If I just went on putting-to-sleep strike (and I consider this daily), he would literally never sleep. It takes SO much effort to just get him to fricken fall asleep!

And then he doesn't stay asleep. The short naps kill me. I'm trying to just not notice what time he goes to sleep and be happy if he sleeps at all. It's all about expectations, right?

At night he wakes up every one to two hours. Matt has been on duty the last few weeks before 1 am, and he gets him back to sleep - sometimes it takes five minutes and sometimes it takes 45 minutes. Then after 1 am it's me, and I usually feed him between 1 and 2, around 3:30 or 4, then who knows on and off until Sam starts screaming "MOMMY!!!!!" between 7 and 7:30. If I get three hours of sleep, say 9:15pm-12:15 I feel like a real person. It's quite pathetic. And it's totally not sustainable.

We have had 2 nights in the last few weeks where he woke up only four times. Those were amazing. How pathetic is that?!

I asked the doctor what to do and she said he has a "Type A" personality and those kids don't like to fall asleep and they have a hard time staying asleep. They're just super intense. Moving all the time. He doesn't bend/fold to sit - he is always standing and always moving and super stiff. He's the most uncuddly baby (that's not the say he's not cute - he's SUPER cute - just not cuddly). I guess this is all part of it. She suggested focusing on the nights and not worrying about the naps. She said at night not to go to him until he needs to eat - 7-8 hours after he goes to sleep - around 2am. Then she said he will wake on and off after that and we can do what we want. For naps she said do anything that works - including putting him in the carrier and walking around (god forbid he could fall asleep in his stroller...he has only done that a couple of times with TONS of opportunities).

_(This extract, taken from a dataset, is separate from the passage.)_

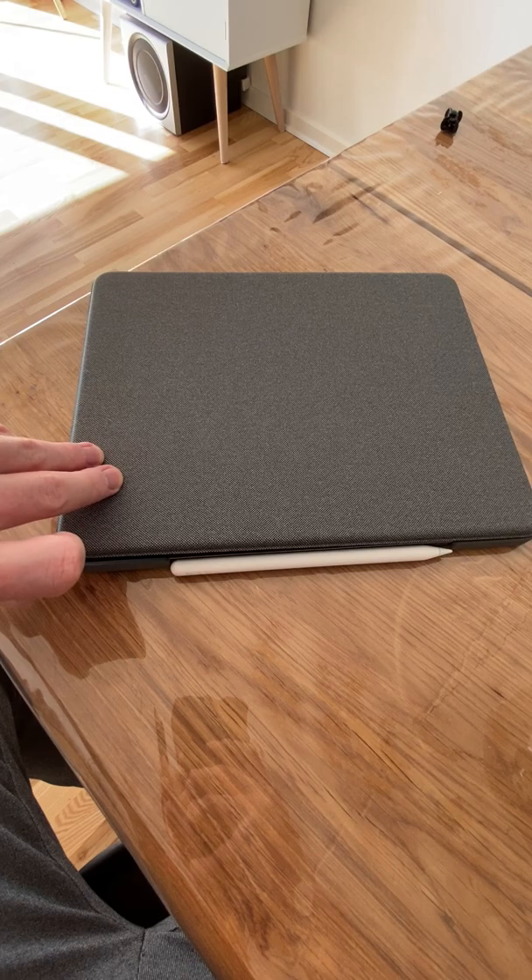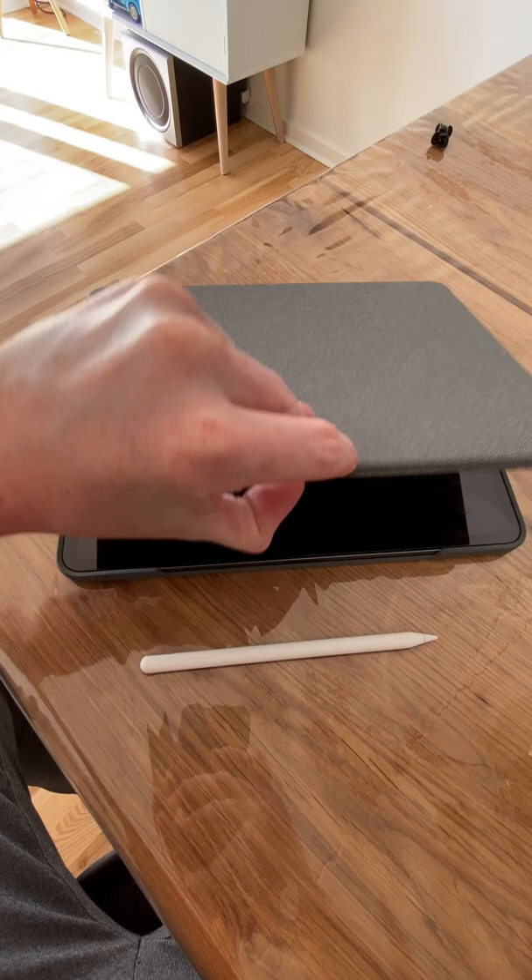First off is opening. It's so hard to open this thing. You have to get your nail under an edge and open it, or you have to remove the pen and then somehow open it.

Matt and I always heard about couples who didn't sleep after they had a baby and we just never related. With Sam, we slept from about 8 weeks, with a few wakes here and there, plus we had a helper, I had a job to escape to everyday, a commute to listen to podcasts on - and not think about my kid a little bit...we just really didn't feel that Samara made our lives more difficult - we thought they were just so enriched. I'm sure we will feel the same about Elie but right now I feel like I'm not me - I feel like an evil bitch half the day, I feel so tired that I can't form sentences. I can't read books. I have no interest in talking to friends, since I can't even think of what to talk about and I don't want to complain (that's no fun for anyone...), so I don't.

So I sit here, isolated in my total sleeplessness. The best part of it is Matt. He is a super champ, as always. He has been coming home from work around 6:45 to completely take care of Samara. He takes the shift until 1am. He gives me back massages. He yells at me if I do dishes after 7pm. He is thankful for any dinners I can pull together. He tries to take the kids out of my hair on the weekends.

I know this will pass, and I keep reminding myself. Probably people don't die of having a baby and not sleeping. They end up sleeping. The kid will be fine. We will be fine. But man, it's hard right now, and while I don't want to wish the weeks and months away, since I want to try to enjoy having this baby, I kinda just want it to end.